A primeira consulta hospitalar de desenvolvimento foi criada em 1975 no Serviço de Pediatria do Hospital de Santa Maria (HSM) por João Gomes-Pedro e seus colaboradores, numa altura em que esta área da pediatria era ainda pouco conhecida entre nós. Surgiu na sequência dos seus estudos no Reino Unido, onde teve oportunidade de conhecer pessoalmente Mary Sheridan. O Centro de Desenvolvimento do HSM tornou-se num importante polo de formação e de difusão de práticas na Pediatria do Desenvolvimento, realizando acções de formação e recebendo estagiários de todo o país.
A par destes acontecimentos, no final da década e 70 e década de 80 foram criados Centros de Desenvolvimento noutros hospitais públicos como o Hospital Pediátrico de Coimbra – importante centro de referência na zona centro – no Serviço de Pediatria do Hospital S. João no Porto e, progressivamente, noutros hospitais.
O interesse crescente nesta área levou à constituição, em 1987, da Secção de Pediatria do Desenvolvimento da Sociedade Portuguesa de Pediatria (SPP), posteriormente denominada Sociedade de Pediatria do Neurodesenvolvimento (SPND-SPP). Esta iniciativa partiu de um grupo de pediatras, neuropediatras, geneticistas e pediatras especializados em doenças metabólicas, com o objetivo de reunir os diversos profissionais envolvidos nesta área com uma perspetiva transdisciplinar. Outro marco importante, foi a criação de Ciclos de Estudos Especiais de Pediatria do Neurodesenvolvimento que têm vindo a ser realizados com regularidade desde 1999.
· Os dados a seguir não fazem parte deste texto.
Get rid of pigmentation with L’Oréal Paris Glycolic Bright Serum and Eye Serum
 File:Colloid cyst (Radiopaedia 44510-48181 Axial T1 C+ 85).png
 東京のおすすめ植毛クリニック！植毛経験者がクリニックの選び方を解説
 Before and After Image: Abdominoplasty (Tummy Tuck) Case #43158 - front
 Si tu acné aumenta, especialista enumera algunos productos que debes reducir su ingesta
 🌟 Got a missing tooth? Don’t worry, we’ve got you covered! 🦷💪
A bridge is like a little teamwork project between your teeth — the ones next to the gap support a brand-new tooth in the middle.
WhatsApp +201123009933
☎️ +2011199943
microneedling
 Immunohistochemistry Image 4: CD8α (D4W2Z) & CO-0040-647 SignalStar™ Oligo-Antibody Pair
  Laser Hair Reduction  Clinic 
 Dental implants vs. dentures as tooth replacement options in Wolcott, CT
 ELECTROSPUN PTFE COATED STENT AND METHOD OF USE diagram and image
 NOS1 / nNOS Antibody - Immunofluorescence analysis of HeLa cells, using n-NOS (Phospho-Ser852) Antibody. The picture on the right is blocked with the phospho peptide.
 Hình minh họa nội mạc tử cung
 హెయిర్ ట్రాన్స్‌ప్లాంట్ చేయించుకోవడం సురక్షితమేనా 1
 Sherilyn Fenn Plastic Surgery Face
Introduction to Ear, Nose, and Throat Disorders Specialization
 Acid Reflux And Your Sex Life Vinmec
Nos últimos anos, a palavra Desenvolvimento (termo geral que inclui o desenvolvimento físico) tem vindo a ser substituído por Neurodesenvolvimento para refletir a base neurológica dos comportamentos que são observados nos processos de desenvolvimento típicos e atípicos. Este conceito foi também integrado no DSM-5 ao agrupar um conjunto de condições num novo capítulo intitulado “Perturbações do Neurodesenvolvimento”.
Esta terminologia tem sido adotada na Europa, por exemplo, pela criação de mesas de “Neurodevelopmental Pediatrics” em congressos como o Excellence in Pediatrics (2014, 2016), pelo reconhecimento do trabalho dos “neurodevelopmental paediatricians” no âmbito da Surveillance of Cerebral Palsy in Europe (SCPE) – Radsel et al., 2016; nos EUA (Division of Neurodevelopmental Pediatrics, University of Florida College of Medicine); e na Austrália (Neurodevelopmental and Behavioural Paediatric Society of Australasia).
De igual forma, é crescente o número de hospitais portugueses a adotar esta designação para as suas unidades e consultas nesta área, que representa já 20% das consultas pediátricas nos hospitais públicos.
Publicado em 2014, atualizado em 2019
Bibliografia:
- APA (2014). Manual de Diagnóstico e Estatística das Perturbações Mentais. Climepsi: Lisboa.
- Gouveia R (2015). O Neurodesenvolvimento: alguns dados históricos. In: Lima CB (ed). Perturbações do Neurodesenvolvimento: manual de orientações diagnósticas e estratégias de intervenção.
- Haggerty RJ, Friedman SB (2003). History of developmental-behavioral pediatrics. J Dev Behav Pediatr. 2003 Feb;24(1 Suppl):S1-18.
- Oliveira G (2011). A Pediatria do Neurodesenvolvimento, o que é? Acta Pediatr Port 2011:42(4):LX I-III.